§ PROMPT
The entries are to be reproduced verbatim, and their pictures left out.

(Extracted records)
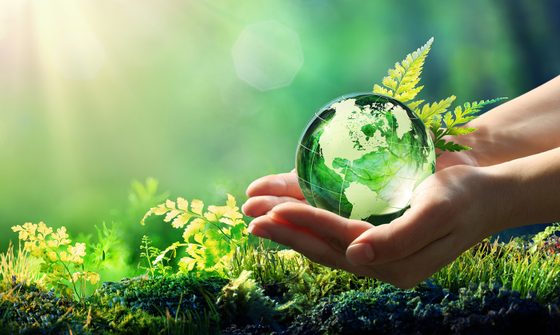 UN-Biodiversitätsgipfel: Wie steht es um den Schutz der Artenvielfalt?
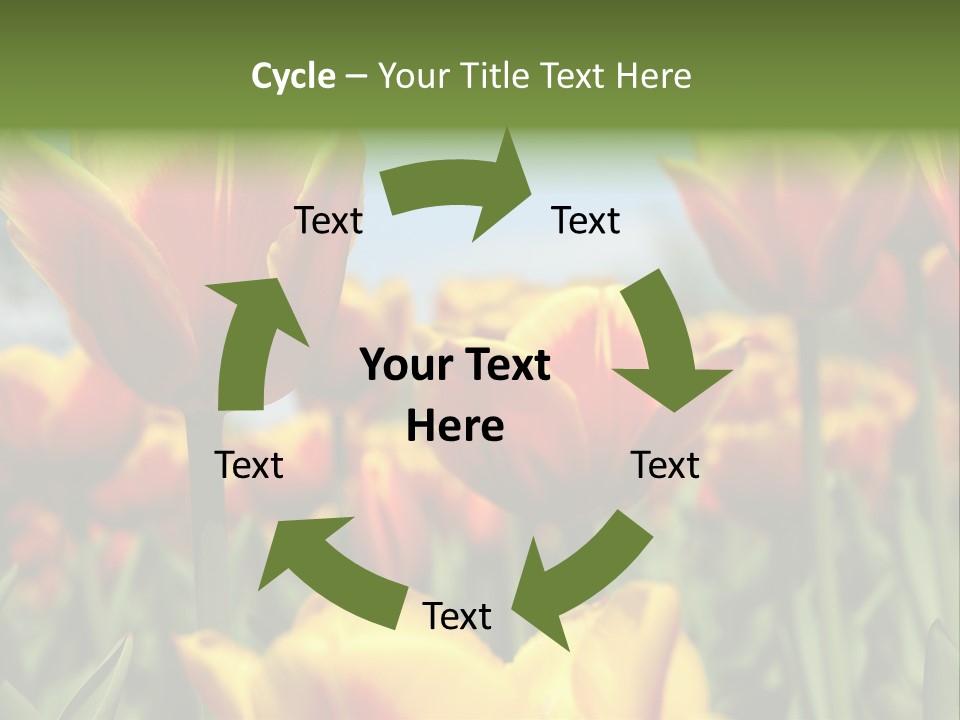 Rays Day Postcard PowerPoint Template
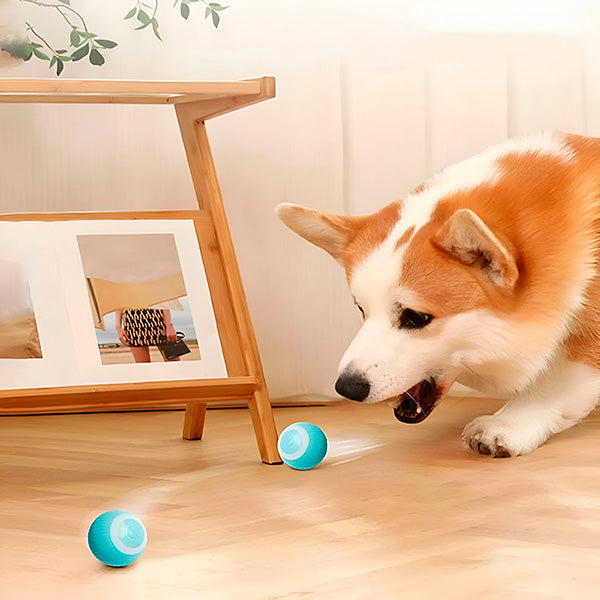 Vikbua™ Automatisk rullende ball for hund og katt, USB-oppladbar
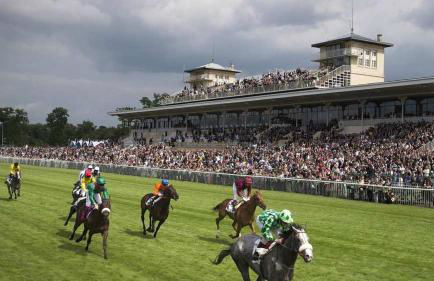 Charming bourgeois house – Précy town centre - Foto 31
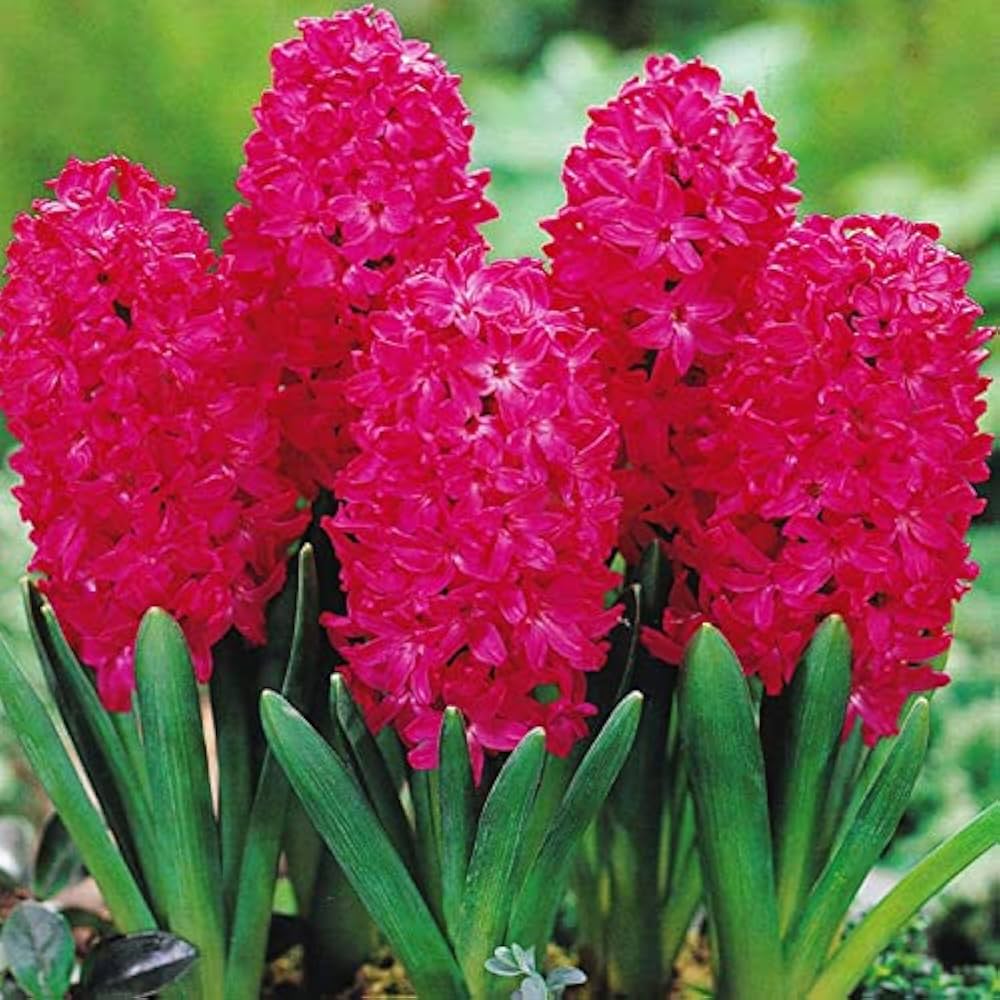Red Hyacinth Flower seeds for Planting - Sun Loving, Heirloom & GMO Free Seeds for Home Garden
 
 Sale for planting in home garden.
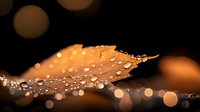 Autumn leaf covered in morning dew drops with golden bokeh background creates atmospheric nature macro photography with shallow depth of field.
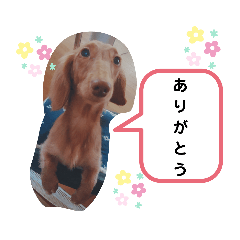 cherry_20200526002129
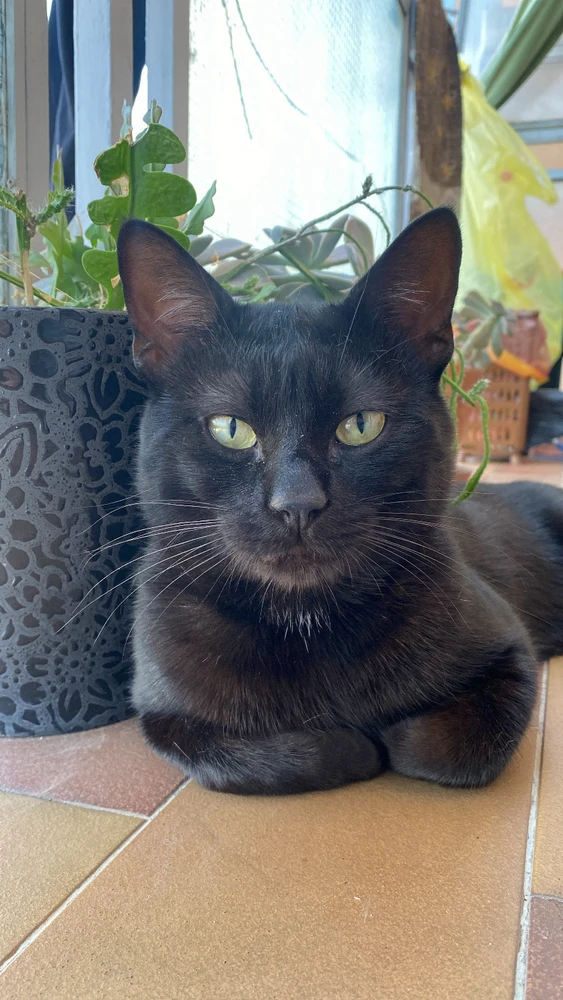 Gucci the black cat merchant
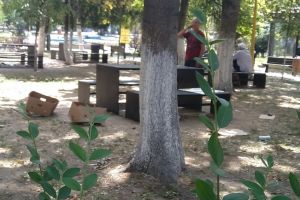 Constanteanul suparat:  Agentii de paza din parcul din Tomis II nu reactioneaza la scandalagii, in schimb, stau pe Facebook in timpul programului!“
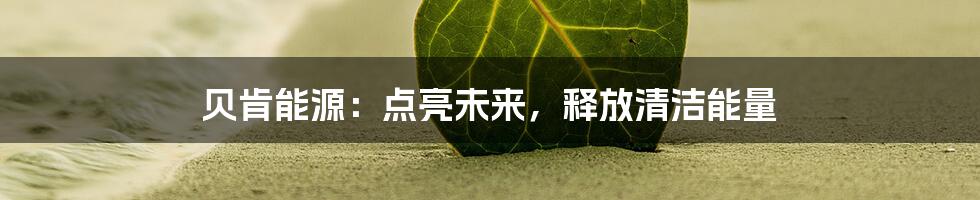 贝肯能源：点亮未来，释放清洁能量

§ ANSWER BELOW
 UN-Biodiversitätsgipfel: Wie steht es um den Schutz der Artenvielfalt?
 Rays Day Postcard PowerPoint Template
 Vikbua™ Automatisk rullende ball for hund og katt, USB-oppladbar
 Charming bourgeois house – Précy town centre - Foto 31
Red Hyacinth Flower seeds for Planting - Sun Loving, Heirloom & GMO Free Seeds for Home Garden
 
 Sale for planting in home garden.
 Autumn leaf covered in morning dew drops with golden bokeh background creates atmospheric nature macro photography with shallow depth of field.
 cherry_20200526002129
 Gucci the black cat merchant
 Constanteanul suparat:  Agentii de paza din parcul din Tomis II nu reactioneaza la scandalagii, in schimb, stau pe Facebook in timpul programului!“
 贝肯能源：点亮未来，释放清洁能量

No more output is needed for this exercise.